Brittany Dicarolis fields a regular assortment of wisecracks and funny looks when she talks about her profession.

"They're like, "Eew, you watch people sleep!' " the 22-year-old says with a laugh.

Brittany Dicarolis

Age: 22

Job title: Sleep study supervisor at Advanced Sleep Disorders Center in Medford

Job description: Monitors sleeping patterns of individuals with sleep disorders and supervises technicians

Salary range: $30,000 to $40,000

Education: Took business classes in college and on-the-job training; certification requires 18 months on the job

How long on the job: 2.5 years, the last two at Advanced Sleep Disorders

If you could have your dream job today, what would it be? "To be a marine biologist. Rescuing animals form oil spills and all that stuff, even though it probably wouldn't pay that well."

A sleep study technician, the Grants Pass native spends her nights watching patients trying to get some shut-eye. It's more technical than most would guess, she says, monitoring sensors that record oxygen levels, brainwaves and heart rate.

And she loves what she does.

"As a kid I wanted to find a job that had something to do with science. I wanted to be a marine biologist but you can't really do that from Grants Pass, so I decided to try for something in the field of medicine," she says.

Dicarolis says her mother was one of the industry's first technicians when sleep studies were conducted at Stanford University in the 1980s.

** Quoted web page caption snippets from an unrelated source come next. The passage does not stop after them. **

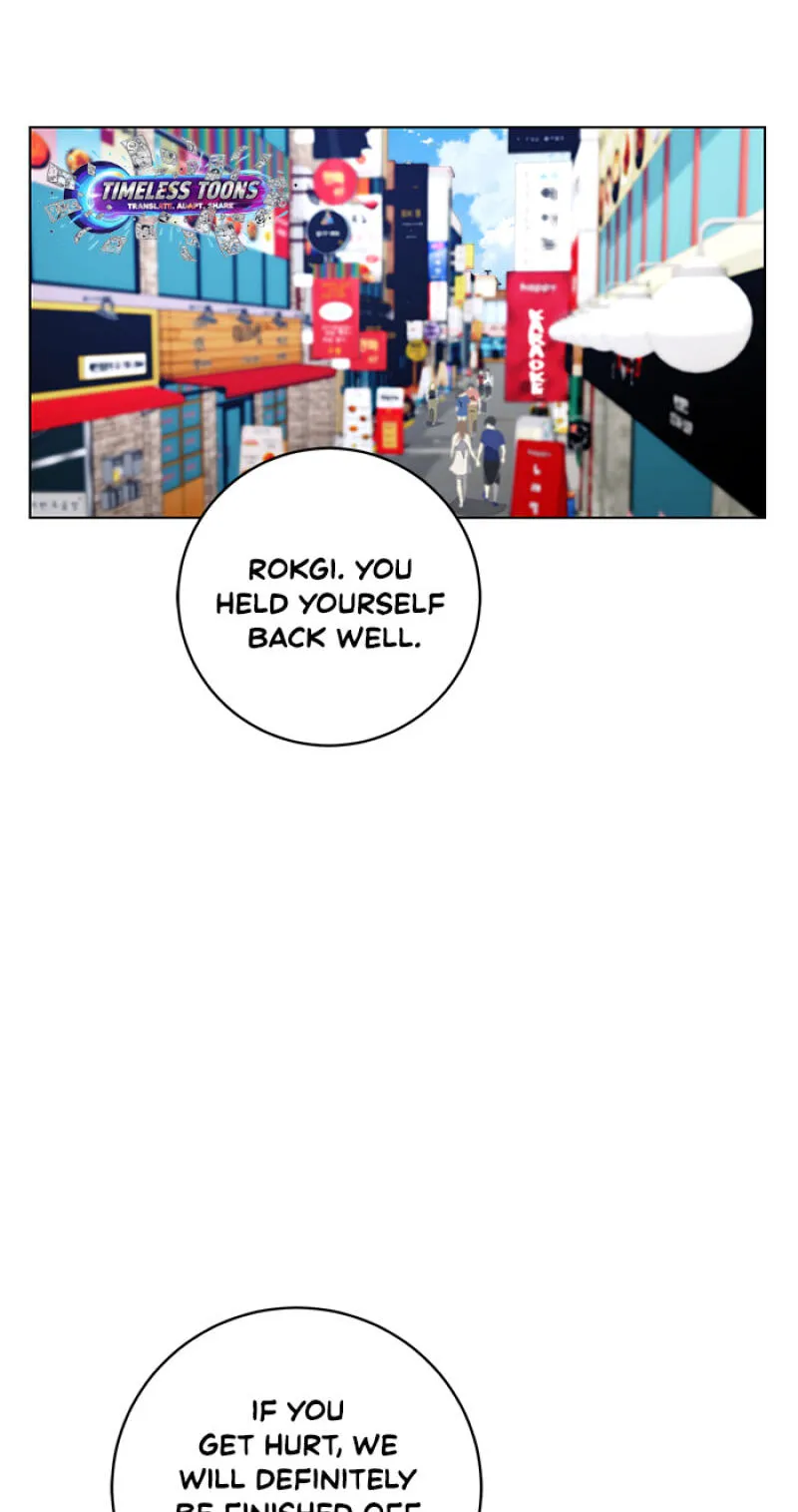 Top Corner Chapter 156 page 72 - 
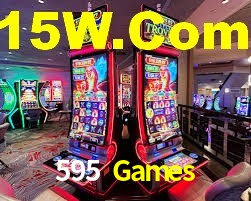 595 Games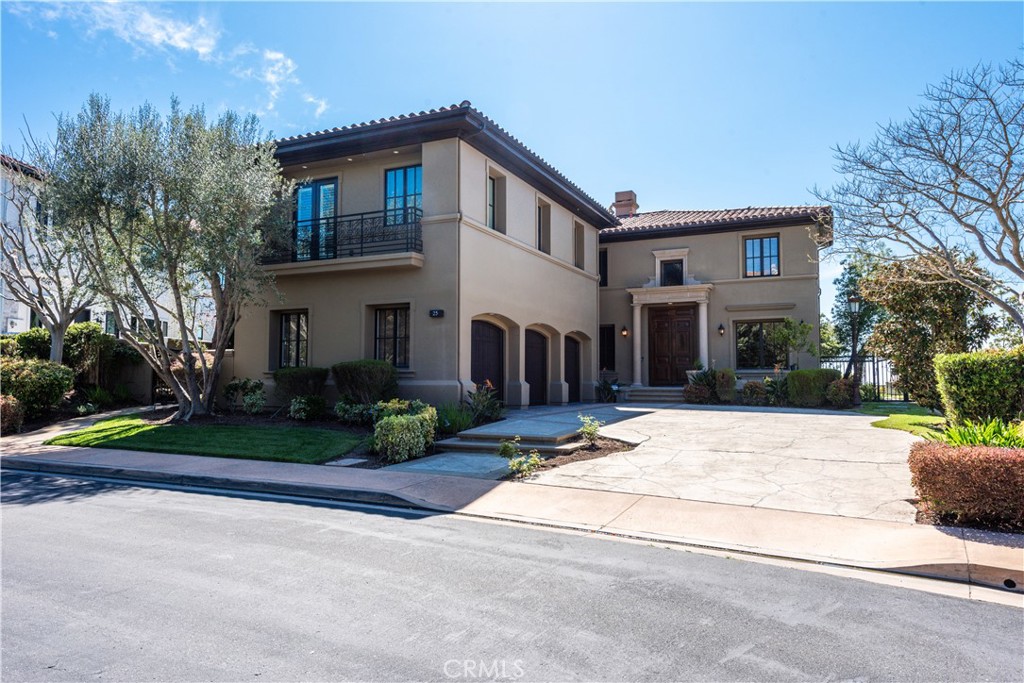 Pelican Heights - Montecito (MONT) - Residential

Dicarolis joined the field when a doctor's office she worked for in Grants Pass opened a sleep lab.

"He needed to train night techs for it. ... I thought it'd be pretty cool to help people," she says.

"I was going for something medical and it presented itself as a good opportunity."

Sleep study techs set up equipment, tend to patients' needs and note visual changes in patients as they sleep, such as body positions or disruptions.

"Most patients we see have sleep apnea, so we watch to see if they stop breathing for a certain amount of time," she says.

"It takes about an hour to hook them up and it's kind of neat because we really get to know them and hear about their lives."

While the general public tends to think patients swing by to nap for a few hours, Dicarolis says the best results are yielded when an overnight stay is planned.

For beginning techs getting used to the late-night shift, watching people sleep is "like being a starving person and watching somebody eat."

Dicarolis says sleep techs get their share of unusual moments.

"I've had people get up and try to sleepwalk but they're hooked to the wall. I've had people laugh in their sleep. One patient started talking about a spaceship in their sleep — that was pretty funny," she says.

"I've had people bring cameras and want me to take pics of them all hooked up."

For those diagnosed with sleep apnea, CPAP (continuous positive airway pressure) is recommended. Patients are often monitored off the system, then on.

"We see a difference immediately," says Dicarolis.

"Some people come in for a CPAP test and we put a mask on them and increase airflow as they fall deeper into sleep. "¦ Most of the time they wake up and say, 'Oh my gosh, that's the best night of sleep I've gotten in 20 years.' "

Dicarolis says working with people who want help with a serious issue in their lives gives her a good feeling.

"Not getting enough sleep really does affect people's lives. It makes them grumpy. It makes everything harder. So it's really neat to be able to help people like that."

Not that there aren't side effects to the job.

"I love what I do, but I've developed a sleep disorder of my own from working such weird hours," she says.